London is often described as an urban metropolis. The war left many buildings destroyed and today tall glass buildings mix with the concrete of the 60s and the 70s alongside great St Pauls and Westminster. But among the buildings there are some great parklands to the west of London: the great Bushy Park where the deer run free and mix with the public; and even in central London there is Regent’s Park next to Primrose Hill.
But my favourite part of London is the next to Hampstead Heath or to be precise the West Heath and hidden away from main road. The entrance is down a dirt track that runs down the side of the Pergola and is often forgotten or overlooked by visitors to London. The Pergola dates back to 1904 and has been open to the public on and off since 1963. It remained open till 1971, then in 1991 restoration was restarted and today the perfectly manicured lawns and work on the gardens have come to fruition.

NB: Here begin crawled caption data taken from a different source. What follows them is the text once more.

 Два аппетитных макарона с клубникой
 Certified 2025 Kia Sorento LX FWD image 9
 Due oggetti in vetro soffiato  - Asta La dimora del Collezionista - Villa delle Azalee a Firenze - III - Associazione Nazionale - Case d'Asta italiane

Even on the warmest of days the place has a tranquil air about it and remains one of the unspoilt parts of London. The Pergola itself is set over two floors and has a wide variety of plants including a sweet chestnut tree that is one of the parks oldest and defiantly knobbiest trees. In summer the smell of the various flowers fills the air and the vines cover the lattice covering the second floor bringing a little shade to the Pergola. In winter the Pergola has an eerily feel to it worthy of a back drop to any horror film and more often than not you find that you are the only person there. It is a complete contrast to the summer.
It is good to know that in a busy city like London a little space can still be found.